/*

  MAGIC Source Simulator. The macro takes a given spectral shape, 

  and  using MAGIC performance in the range 40GeV-16TeV from 

  Aleksic, J., et al., 2016, Astroparticle Physics, 72, 76 

  (please cite this paper if you want to use this macro in a publication)

  estimates what kind of signal can be observed by MAGIC.

  It computes significances of each spectral point according to

  Li & Ma 1983, ApJ, 272, 317, Eq. 17 definition.



  Terminal Output:

  For each estimated energy range one gets the number of excess events,

  signal-to-background ratio, significance, and information if a given

  bin satisfies the conditions for the detection. 



  Plot Output:

  Spectral points following the assumed spectrum are shown, their 

  error bars reflect the performance of the instrument for such a source.

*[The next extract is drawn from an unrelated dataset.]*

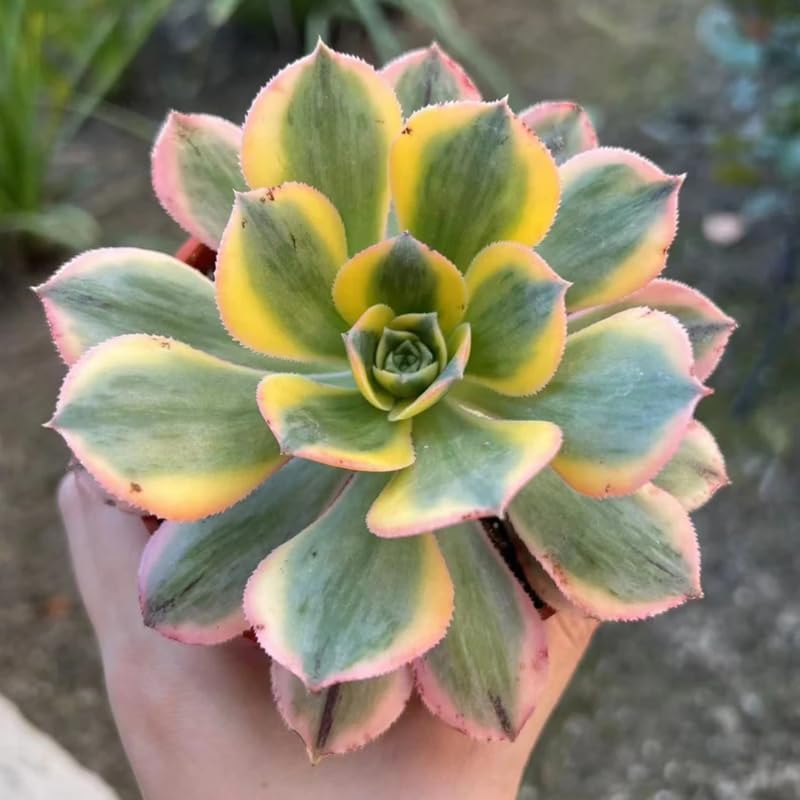 Miniatura 2 de Sun Aeonium - Planta viva suculenta en maceta de 4 pulgadas, planta viva suculenta roseta para cultivo en interiores y exteriores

  Significance for each bin is given (bins without detection

  have gray numbers. In the top of the plot a simple number using 

  information from all the shown bins is given to evaluate 

  if the source can be detected (roughly if sum of sigma_i / sqrt(N) >~5) 



  requirements:

  - ROOT (https://root.cern.ch), the macro was tested on 5.34/34 version



  caveats:

  - the macro is operating on estimated energy doing simple

  comparisons with differential in estimated energy rates seen for

  Crab Nebula, for soft sources the differences in energy migration 

  will result in different performance than calculated here

  - the threatment of extended sources is very approximate, only

  increase in background is taken into account (without energy

  dependence of PSF) for extended sources for extension >~0.4 deg the

  dependence on the offset from the centre of the camera will further

  worsen the performance w.r.t. the one calculated here

  - significances are given for each differential energy bin

  separatelly, but to detect a source one normally applies a cut that

  keeps a broad range of energies inside resulting in better integral

  sensitivity than differential one. Also, optimization of cuts for 

  a broad energy range usually results in somewhat better sensitivity

  than what one can get by simply integrating the used here signal in 

  differential energy bins. As a very crude approximation for detection

  capability we calculate here also a sum of significances of all the

  points in SED divided by the sqrt of the number of those points



  usage:

  - modify the "basic settings" below and run in terminal:

  root mss.cpp+



  for questions ask Julian Sitarek (jsitarek [at] uni.lodz.pl)



  version history:

  1.2 (2020/07/24): a number of additional features:

      - EBL attenuation with Dominguez+11 model

      - SUMT performance (only for low zenith)

      - pulsar mode

  1.1 (2017/10/16): fixed a bug which made the errorbars too small

 */



#include <TCanvas.h>

#include <TF1.h>

#include <TGraphErrors.h>

#include <TGraph2D.h>

#include <TH1.h>

#include <TLatex.h>

#include <TLegend.h>

#include <TMath.h>



#include <iostream>

#include <fstream>



using namespace std;



// basic settings

const Double_t timeh=20.; //[h], time of observations

const Double_t extension=0.; // [deg] extension radius of the source



// Source settings

// [cm^-2 s^-1 TeV^-1] assumed (intrinsic) source spectrum (dN/dS dt dE) as a function of energy in GeV

// the string understands many mathematical expressions, some common examples below  

const TString assumedstr="2.7e-9 * pow(x/100, -3.18)"; // simple power-law

// const TString assumedstr="1.e-11 * pow(x/1000, -1.99) * exp(-x/100)"; // power-law with an exponential cut-off

// const TString assumedstr="1.e-11 * pow(x/1000, -1.9) * exp(-pow(x/300, 0.5))"; // power-law with a non-exponential cut-off

// const TString assumedstr="0.007* 3.39e-11 * pow(x/1000, -2.51-0.21*log10(x/1000))"; //Crab Nebula [Aleksic et al. 2016]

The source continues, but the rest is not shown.